No more, not after one of those colored maids had come unpleasantly close to murdering her on the Marshlands plantation. These days, with Marshlands still a ruin down by St. Matthews, South Carolina, Anne traveled alone.
On the train, and through life, she thought. Aloud, the way she said, "Excuse me," couldn't mean anything but, Get the hell out of my way. That would have done well enough for her motto. She was a tall, blond woman with a man's determined stride. If any gray streaked the yellow-she was, after all, nearer fifty than forty-the peroxide bottle didn't let it show. She looked younger than her years, but not enough to suit her. In her twenties, even in her thirties, she'd been strikingly beautiful, and made the most of it. Now handsome would have fit her better, except she despised that word when applied to a woman.
"Excuse me," she said again, and all but walked up the back of a man who, by his clothes, was a drummer who hadn't drummed up much lately. He turned and gave her a dirty look. The answering frozen contempt she aimed like an arrow from her blue eyes made him look away in a hurry, muttering to himself and shaking his head.

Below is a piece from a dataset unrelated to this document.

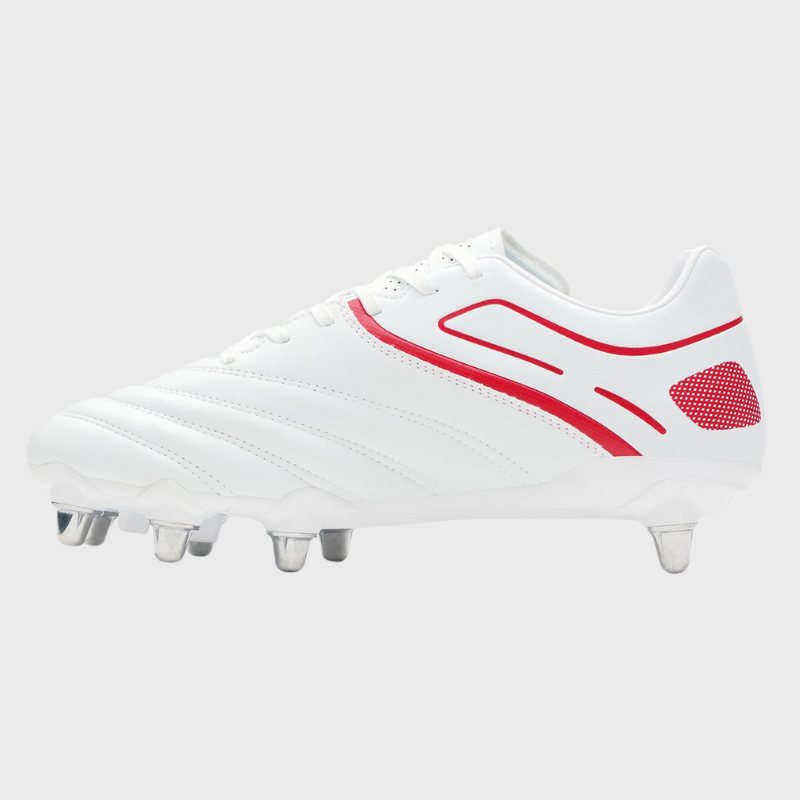 Gilbert Sidestep X20 Power 8 Stud Rugby Boots White/Red - Rugbystuff.com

Most of the passengers had to go back to the baggage car to reclaim their suitcases. Anne had all her chattels with her. She hurried out of the station to the cab stand in front of it. "Ford's Hotel," she told the driver whose auto, a Birmingham with a dented left fender, was first in line at the stand.
"Yes, ma'am," he said, touching a finger to the patent-leather brim of his peaked cap. "Let me put your bags in the trunk, and we'll go."
Ford's Hotel was a great white pile of a building, just across Capitol Street from Capitol Square. Anne tried to figure out how many times she'd stayed there. She couldn't; she only knew the number was large. "Afternoon, ma'am," said the colored doorman. He wore a uniform gaudier and more magnificent than any the War Department issued.